[PATCH 5 of 5] obsolete: order of magnitude speedup in _computebumpedset

Mon Dec 23 18:32:22 CST 2013

# HG changeset patch
# User Pierre-Yves David <pierre-yves.david at ens-lyon.org>
# Date 1387841391 28800
#      Mon Dec 23 15:29:51 2013 -0800
# Node ID 41a5810bb9cb062cd10f6a12b261fdd66fab8aed
# Parent  1677c9118fd971197916b7f37177b2a5c03ad802
obsolete: order of magnitude speedup in _computebumpedset

Reminder: a changeset is said "bumped" if it tries to obsolete a immutable
          changeset.


The previous algorithm for computing bumped changeset was:

    1) Get all public changesets
    2) Find all they successors
    3) Search for stuff that are eligible for being "bumped"
       (mutable and non obsolete)

The entry size of this algorithm is `O(len(public))` which is mostly the same as
`O(len(repo))`. Even this this approach mean fewer obsolescence marker are
traveled, this is not very scalable.

The new algorithm is:

    1) For each potential bumped changesets (non obsolete mutable)
    2) iterate over precursors
    3) if a precursors is public. changeset is bumped

We travel more obsolescence marker, but the entry size is much smaller since
the amount of potential bumped should remains mostly stable with time `O(1)`.

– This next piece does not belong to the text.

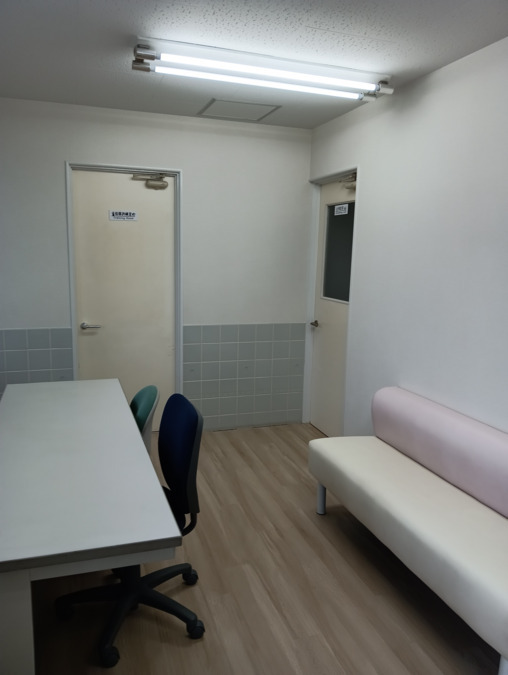 放課後等デイサービス凛【2025年12月01日オープン予定】(児童指導員/指導員の求人)の写真4枚目:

On some confidential gigantic repo this move bumped computation from 15.19s to
0.46s (×33 speedup…). On "smaller" repo (mercurial, cubicweb's review) no
significant gain were seen. The additional traversal of obsolescence marker is
probably probably counter balance the advantage of it.

Other optimisation could be done in the future (eg: sharing precursors cache
for divergence detection)

diff --git a/mercurial/obsolete.py b/mercurial/obsolete.py
--- a/mercurial/obsolete.py
+++ b/mercurial/obsolete.py
@@ -82,10 +82,11 @@ The header is followed by the markers. E
   additional encoding. Keys cannot contain '\0' or ':' and values
   cannot contain '\0'.
 """
 import struct
 import util, base85, node
+import phases
 from i18n import _
 
 _pack = struct.pack
 _unpack = struct.unpack
 
@@ -784,18 +785,30 @@ def _computeextinctset(repo):
 
 
 @cachefor('bumped')
 def _computebumpedset(repo):
     """the set of revs trying to obsolete public revisions"""
-    # get all possible bumped changesets
-    tonode = repo.changelog.node
-    publicnodes = (tonode(r) for r in repo.revs('public()'))
-    successors = allsuccessors(repo.obsstore, publicnodes,
-                               ignoreflags=bumpedfix)
-    # revision public or already obsolete don't count as bumped
-    query = '%ld - obsolete() - public()'
-    return set(repo.revs(query, _knownrevs(repo, successors)))
+    bumped = set()
+    # utils function (avoid attribut lookup in the loop)
+    phase = repo._phasecache.phase # would be faster to grab the full list
+    public = phases.public
+    cl = repo.changelog
+    torev = cl.nodemap.get
+    obs = getrevs(repo, 'obsolete')
+    for rev in repo:
+        # We only evaluate mutable, non-obsolete revision
+        if (public < phase(repo, rev)) and (rev not in obs):
+            node = cl.node(rev)
+            # (future) A cache of precursors may worth if split is very common
+            for pnode in allprecursors(repo.obsstore, [node],
+                                       ignoreflags=bumpedfix):
+                prev = torev(pnode) # unfiltered! but so is phasecache
+                if (prev is not None) and (phase(repo, prev) <= public):
+                    # we have a public precursors
+                    bumped.add(rev)
+                    break # Next draft!
+    return bumped
 
 @cachefor('divergent')
 def _computedivergentset(repo):
     """the set of rev that compete to be the final successors of some revision.
     """